#### EXERCISE PROMPT:
Find the line with "Topographic Map of Antioch Cemetery, OK" in the entries below. Repeat it, every following line, and the line with "NWT KUT FROM", exactly and with nothing added.

══ EXERCISE DATA

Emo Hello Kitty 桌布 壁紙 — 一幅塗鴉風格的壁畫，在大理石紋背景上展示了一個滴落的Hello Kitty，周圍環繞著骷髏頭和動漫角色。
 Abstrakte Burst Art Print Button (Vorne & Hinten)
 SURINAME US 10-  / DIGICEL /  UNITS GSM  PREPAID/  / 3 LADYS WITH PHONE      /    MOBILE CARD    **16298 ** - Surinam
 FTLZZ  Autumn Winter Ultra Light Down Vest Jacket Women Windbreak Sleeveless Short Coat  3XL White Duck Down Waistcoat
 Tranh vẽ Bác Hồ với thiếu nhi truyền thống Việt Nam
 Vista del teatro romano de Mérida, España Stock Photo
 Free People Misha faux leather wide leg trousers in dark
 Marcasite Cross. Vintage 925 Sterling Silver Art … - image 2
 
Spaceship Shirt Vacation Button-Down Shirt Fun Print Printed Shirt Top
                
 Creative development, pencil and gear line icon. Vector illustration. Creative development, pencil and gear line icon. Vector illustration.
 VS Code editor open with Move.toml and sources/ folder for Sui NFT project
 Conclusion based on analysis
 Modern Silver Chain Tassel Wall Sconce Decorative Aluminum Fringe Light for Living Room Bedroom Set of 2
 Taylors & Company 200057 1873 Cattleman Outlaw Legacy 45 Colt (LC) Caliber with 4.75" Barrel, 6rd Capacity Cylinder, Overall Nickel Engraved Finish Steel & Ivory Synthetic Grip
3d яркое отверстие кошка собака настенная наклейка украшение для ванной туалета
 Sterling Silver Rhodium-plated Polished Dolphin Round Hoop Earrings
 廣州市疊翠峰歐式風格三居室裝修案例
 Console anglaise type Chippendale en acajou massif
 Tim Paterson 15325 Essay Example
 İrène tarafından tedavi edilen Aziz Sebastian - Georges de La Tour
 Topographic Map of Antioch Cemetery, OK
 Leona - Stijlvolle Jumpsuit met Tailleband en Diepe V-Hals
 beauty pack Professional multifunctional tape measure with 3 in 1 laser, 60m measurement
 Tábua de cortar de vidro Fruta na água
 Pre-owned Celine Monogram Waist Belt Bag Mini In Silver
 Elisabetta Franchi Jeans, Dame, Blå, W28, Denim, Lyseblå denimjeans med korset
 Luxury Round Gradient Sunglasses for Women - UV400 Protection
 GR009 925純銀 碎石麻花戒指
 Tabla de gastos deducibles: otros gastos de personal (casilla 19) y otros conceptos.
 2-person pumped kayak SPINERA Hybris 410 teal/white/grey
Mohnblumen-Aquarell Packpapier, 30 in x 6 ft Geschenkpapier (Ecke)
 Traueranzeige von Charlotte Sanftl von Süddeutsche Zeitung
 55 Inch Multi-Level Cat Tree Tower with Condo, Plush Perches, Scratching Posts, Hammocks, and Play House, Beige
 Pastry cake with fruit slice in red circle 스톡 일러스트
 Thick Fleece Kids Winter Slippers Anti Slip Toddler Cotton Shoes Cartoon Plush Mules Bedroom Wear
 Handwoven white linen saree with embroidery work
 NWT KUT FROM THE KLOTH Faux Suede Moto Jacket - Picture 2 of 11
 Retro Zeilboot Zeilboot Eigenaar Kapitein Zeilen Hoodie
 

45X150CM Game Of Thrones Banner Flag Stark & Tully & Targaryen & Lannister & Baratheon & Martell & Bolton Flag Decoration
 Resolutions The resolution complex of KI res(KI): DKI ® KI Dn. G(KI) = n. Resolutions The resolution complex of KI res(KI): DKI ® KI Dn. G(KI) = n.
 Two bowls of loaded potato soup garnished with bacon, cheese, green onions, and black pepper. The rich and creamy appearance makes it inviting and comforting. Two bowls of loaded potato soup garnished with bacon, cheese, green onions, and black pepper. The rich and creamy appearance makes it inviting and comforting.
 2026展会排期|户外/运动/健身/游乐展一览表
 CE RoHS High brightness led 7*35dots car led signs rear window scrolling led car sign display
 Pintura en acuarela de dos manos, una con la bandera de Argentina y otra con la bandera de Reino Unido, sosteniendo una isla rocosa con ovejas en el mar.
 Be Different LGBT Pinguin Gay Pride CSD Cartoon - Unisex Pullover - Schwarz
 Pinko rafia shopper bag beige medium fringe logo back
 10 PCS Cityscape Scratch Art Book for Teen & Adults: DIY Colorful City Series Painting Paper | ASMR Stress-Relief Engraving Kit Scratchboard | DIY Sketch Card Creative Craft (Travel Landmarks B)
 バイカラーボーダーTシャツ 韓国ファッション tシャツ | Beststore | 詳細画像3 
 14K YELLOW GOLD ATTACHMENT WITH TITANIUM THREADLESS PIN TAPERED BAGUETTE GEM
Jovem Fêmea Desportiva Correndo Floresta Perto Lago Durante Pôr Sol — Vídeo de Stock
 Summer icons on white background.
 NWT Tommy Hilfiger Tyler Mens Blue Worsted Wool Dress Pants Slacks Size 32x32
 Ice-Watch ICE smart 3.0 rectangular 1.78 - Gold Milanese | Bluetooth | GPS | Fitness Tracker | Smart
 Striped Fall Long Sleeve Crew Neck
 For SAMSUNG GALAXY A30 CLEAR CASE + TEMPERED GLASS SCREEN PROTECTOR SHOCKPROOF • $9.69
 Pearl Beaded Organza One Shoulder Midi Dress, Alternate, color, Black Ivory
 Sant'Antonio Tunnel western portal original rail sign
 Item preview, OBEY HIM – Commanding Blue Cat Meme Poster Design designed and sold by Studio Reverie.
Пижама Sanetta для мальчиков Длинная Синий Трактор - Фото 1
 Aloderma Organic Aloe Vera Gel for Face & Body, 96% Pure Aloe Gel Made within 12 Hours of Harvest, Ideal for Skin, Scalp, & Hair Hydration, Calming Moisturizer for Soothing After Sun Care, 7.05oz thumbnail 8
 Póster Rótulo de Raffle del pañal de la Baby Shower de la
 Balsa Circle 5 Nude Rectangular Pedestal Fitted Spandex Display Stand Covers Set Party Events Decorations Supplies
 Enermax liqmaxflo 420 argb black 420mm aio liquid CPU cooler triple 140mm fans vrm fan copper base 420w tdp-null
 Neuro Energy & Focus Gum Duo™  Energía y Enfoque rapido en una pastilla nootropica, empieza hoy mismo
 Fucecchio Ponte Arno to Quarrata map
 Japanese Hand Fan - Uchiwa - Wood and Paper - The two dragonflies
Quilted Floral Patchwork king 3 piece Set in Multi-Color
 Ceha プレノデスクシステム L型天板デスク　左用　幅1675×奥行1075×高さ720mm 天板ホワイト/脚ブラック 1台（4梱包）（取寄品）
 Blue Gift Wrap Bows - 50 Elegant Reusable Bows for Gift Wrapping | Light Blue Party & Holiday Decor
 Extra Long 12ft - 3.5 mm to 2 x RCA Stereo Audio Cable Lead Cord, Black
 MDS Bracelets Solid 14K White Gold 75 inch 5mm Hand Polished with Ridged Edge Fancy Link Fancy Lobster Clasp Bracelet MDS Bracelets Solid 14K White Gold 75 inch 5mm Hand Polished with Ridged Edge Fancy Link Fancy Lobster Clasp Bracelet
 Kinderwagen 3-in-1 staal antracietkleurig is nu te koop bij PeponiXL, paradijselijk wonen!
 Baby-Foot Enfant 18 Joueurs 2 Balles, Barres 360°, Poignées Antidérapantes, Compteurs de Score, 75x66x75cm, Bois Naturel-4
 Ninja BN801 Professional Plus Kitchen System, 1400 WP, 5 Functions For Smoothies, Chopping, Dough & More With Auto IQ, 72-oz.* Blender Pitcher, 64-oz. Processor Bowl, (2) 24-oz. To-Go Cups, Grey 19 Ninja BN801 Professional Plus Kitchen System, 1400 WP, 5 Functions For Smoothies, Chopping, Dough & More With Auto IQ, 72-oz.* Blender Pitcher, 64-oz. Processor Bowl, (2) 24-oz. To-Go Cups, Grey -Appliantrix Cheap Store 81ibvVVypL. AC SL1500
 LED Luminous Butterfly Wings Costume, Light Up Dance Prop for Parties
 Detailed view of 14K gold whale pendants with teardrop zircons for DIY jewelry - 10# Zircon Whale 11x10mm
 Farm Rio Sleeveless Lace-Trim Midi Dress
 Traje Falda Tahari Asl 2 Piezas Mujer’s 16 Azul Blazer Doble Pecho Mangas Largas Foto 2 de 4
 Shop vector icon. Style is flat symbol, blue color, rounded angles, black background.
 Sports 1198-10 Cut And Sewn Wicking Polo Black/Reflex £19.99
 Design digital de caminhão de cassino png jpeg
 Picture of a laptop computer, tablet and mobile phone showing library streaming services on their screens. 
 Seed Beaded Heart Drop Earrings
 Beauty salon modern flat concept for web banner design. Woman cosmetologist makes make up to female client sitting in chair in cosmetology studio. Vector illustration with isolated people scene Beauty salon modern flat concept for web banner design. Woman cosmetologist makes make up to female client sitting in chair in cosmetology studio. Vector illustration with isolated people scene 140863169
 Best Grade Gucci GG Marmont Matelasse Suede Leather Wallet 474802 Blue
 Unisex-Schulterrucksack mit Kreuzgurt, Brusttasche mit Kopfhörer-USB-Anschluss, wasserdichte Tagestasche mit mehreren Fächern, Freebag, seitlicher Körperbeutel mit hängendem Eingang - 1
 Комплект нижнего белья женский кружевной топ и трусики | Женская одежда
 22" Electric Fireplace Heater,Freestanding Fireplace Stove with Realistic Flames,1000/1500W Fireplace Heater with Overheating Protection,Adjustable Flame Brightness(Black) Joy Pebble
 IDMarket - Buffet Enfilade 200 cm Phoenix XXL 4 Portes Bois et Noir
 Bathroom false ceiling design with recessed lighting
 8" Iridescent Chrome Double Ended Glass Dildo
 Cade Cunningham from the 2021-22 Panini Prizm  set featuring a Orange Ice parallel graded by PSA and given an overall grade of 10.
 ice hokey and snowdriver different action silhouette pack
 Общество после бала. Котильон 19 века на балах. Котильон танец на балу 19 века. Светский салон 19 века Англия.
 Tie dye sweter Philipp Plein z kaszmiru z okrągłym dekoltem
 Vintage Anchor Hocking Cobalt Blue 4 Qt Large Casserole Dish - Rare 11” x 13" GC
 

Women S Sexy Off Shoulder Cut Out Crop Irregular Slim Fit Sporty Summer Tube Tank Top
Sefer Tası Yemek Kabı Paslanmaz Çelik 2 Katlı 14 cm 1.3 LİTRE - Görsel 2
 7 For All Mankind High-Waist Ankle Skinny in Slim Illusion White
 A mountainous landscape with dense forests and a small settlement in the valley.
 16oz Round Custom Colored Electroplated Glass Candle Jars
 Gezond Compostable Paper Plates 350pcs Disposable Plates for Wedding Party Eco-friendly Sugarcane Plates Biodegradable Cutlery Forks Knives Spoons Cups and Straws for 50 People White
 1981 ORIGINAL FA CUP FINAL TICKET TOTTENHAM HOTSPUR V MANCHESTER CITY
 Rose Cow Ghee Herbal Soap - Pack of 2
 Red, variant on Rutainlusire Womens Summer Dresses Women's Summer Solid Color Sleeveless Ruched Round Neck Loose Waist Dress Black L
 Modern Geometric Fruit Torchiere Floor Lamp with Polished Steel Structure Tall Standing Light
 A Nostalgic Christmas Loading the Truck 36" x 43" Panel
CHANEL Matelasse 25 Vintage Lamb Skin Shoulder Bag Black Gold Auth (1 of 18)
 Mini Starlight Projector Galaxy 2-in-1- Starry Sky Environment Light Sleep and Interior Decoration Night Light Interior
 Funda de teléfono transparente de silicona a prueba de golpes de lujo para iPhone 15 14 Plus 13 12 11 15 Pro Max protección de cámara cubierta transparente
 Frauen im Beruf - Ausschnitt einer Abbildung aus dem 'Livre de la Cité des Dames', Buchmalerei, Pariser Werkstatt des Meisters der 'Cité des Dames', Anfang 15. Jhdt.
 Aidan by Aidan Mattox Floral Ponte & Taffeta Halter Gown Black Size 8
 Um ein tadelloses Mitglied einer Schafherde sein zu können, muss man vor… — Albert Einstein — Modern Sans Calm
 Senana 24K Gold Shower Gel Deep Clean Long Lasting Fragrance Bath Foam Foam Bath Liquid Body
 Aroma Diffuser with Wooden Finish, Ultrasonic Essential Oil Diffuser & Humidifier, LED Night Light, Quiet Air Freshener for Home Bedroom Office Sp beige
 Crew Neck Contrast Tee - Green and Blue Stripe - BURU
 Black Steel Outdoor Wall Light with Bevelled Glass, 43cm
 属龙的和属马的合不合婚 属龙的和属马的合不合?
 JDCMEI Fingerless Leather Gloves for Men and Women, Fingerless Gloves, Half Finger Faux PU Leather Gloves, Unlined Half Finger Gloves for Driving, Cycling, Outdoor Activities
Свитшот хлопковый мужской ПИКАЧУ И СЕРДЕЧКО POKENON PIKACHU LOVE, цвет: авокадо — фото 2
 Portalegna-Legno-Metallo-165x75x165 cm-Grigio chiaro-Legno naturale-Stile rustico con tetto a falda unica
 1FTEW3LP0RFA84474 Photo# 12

════

#### SOLUTION TO THE EXERCISE:
 Topographic Map of Antioch Cemetery, OK
 Leona - Stijlvolle Jumpsuit met Tailleband en Diepe V-Hals
 beauty pack Professional multifunctional tape measure with 3 in 1 laser, 60m measurement
 Tábua de cortar de vidro Fruta na água
 Pre-owned Celine Monogram Waist Belt Bag Mini In Silver
 Elisabetta Franchi Jeans, Dame, Blå, W28, Denim, Lyseblå denimjeans med korset
 Luxury Round Gradient Sunglasses for Women - UV400 Protection
 GR009 925純銀 碎石麻花戒指
 Tabla de gastos deducibles: otros gastos de personal (casilla 19) y otros conceptos.
 2-person pumped kayak SPINERA Hybris 410 teal/white/grey
Mohnblumen-Aquarell Packpapier, 30 in x 6 ft Geschenkpapier (Ecke)
 Traueranzeige von Charlotte Sanftl von Süddeutsche Zeitung
 55 Inch Multi-Level Cat Tree Tower with Condo, Plush Perches, Scratching Posts, Hammocks, and Play House, Beige
 Pastry cake with fruit slice in red circle 스톡 일러스트
 Thick Fleece Kids Winter Slippers Anti Slip Toddler Cotton Shoes Cartoon Plush Mules Bedroom Wear
 Handwoven white linen saree with embroidery work
 NWT KUT FROM THE KLOTH Faux Suede Moto Jacket - Picture 2 of 11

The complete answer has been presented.